Sample Pop 1 mean:  1.987
Sample Pop 2 mean:  4.945
Sample Pop 1 standard deviation:  1.2848466834607153
Sample Pop 2 standard deviation:  1.5033213229379807


In [3]:
sample1 = np.random.choice(pop1, 20, replace=True)
sample2 = np.random.choice(pop2, 20, replace=True)
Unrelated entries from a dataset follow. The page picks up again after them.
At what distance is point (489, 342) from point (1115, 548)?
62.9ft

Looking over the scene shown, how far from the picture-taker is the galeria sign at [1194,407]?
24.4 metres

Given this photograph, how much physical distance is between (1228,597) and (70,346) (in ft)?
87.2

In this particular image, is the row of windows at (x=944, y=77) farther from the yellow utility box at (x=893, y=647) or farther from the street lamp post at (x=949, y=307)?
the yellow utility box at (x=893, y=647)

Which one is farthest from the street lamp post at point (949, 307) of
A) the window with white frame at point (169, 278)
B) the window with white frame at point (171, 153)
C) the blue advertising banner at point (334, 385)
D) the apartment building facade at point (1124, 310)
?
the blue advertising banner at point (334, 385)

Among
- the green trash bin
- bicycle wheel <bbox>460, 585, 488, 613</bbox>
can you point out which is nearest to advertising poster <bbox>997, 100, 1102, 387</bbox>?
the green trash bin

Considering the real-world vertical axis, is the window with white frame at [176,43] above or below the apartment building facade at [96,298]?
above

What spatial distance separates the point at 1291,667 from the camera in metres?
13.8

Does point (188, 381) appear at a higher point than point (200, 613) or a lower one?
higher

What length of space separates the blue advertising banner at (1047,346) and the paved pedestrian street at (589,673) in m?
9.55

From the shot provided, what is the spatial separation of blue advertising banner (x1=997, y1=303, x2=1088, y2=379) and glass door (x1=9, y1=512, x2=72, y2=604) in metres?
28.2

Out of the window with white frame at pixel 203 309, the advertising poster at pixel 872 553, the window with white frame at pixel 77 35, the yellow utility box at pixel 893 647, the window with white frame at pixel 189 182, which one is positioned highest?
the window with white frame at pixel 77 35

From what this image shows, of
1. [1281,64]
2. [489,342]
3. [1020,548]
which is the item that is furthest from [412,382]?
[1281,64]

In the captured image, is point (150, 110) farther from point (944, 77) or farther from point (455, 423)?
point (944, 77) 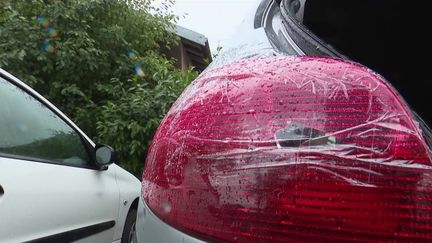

print("Sample Pop 1 mean: ", sample1.mean())
print("Sample Pop 2 mean: ", sample2.mean())
print("Sample Pop 1 standard deviation: ", sample1.std())
print("Sample Pop 2 standard deviation: ", sample2.std())

Sample Pop 1 mean:  1.95
Sample Pop 2 mean:  4.95
Sample Pop 1 standard deviation:  1.16081867662439
Sample Pop 2 standard deviation:  1.627114009527298


Change the probability value (p in the NumPy documentation) for pop1 to 0.3, then take new samples and compute the t-statistic and p-value. Then change the probability value p for group 1 to 0.4, and do it again. What changes, and why?

In [18]:
pop1 = np.random.binomial(10, 0.3, 10000)
sample1 = np.random.choice(pop1, 100, replace=True)
print("Sample mean: ", sample1.mean())
print("Sample standard deviation: ", sample1.std())

sample2 = np.random.choice(pop1, 100, replace=True)
print("Sample 2 mean: ", sample2.mean())
print("Sample 2 standard deviation: ", sample2.std())

diff=sample2.mean( )-sample1.mean()
size = np.array([len(sample1), len(sample2)])
sd = np.array([sample1.std(), sample2.std()])
diff_se = (sum(sd ** 2 / size)) ** 0.5  
print("t-value: ",diff/diff_se)

from scipy.stats import ttest_ind
print(ttest_ind(sample2, sample1, equal_var=False))

Sample mean:  3.09
Sample standard deviation:  1.3863260799682016
Sample 2 mean:  2.97
Sample 2 standard deviation:  1.431467778191322
t-value:  -0.6021868984708987
Ttest_indResult(statistic=-0.599168398768744, pvalue=0.5497462357534663)


In [19]:
pop1 = np.random.binomial(10, 0.4, 10000)
sample1 = np.random.choice(pop1, 100, replace=True)
print("Sample Pop 1 mean: ", sample1.mean())
print("Sample Pop 1 standard deviation: ", sample1.std())

sample2 = np.random.choice(pop1, 100, replace=True)
print("Sample 2 mean: ", sample2.mean())
print("Sample 2 standard deviation: ", sample2.std())

diff=sample2.mean( )-sample1.mean()
size = np.array([len(sample1), len(sample2)])
sd = np.array([sample1.std(), sample2.std()])
diff_se = (sum(sd ** 2 / size)) ** 0.5  
print("t-value: ",diff/diff_se)

from scipy.stats import ttest_ind
print(ttest_ind(sample2, sample1, equal_var=False))

Sample Pop 1 mean:  3.97
Sample Pop 1 standard deviation:  1.5326773959317077
Sample 2 mean:  4.05
Sample 2 standard deviation:  1.55161206491829
t-value:  0.3668104259367122
Ttest_indResult(statistic=0.364971765606757, pvalue=0.715522079823731)


The mean and standard deviation from the first group, with p-value 0.3, differ less from each other each time a random sample is drawn. According to Central Limit Theorem this means the changes in In comparison, the second group has a p-value of 0.4, and each time samples are drawn, the mean and standard deviations differ more.

Change the distribution of your populations from binomial to a distribution of your choice. Do the sample mean values still accurately represent the population values?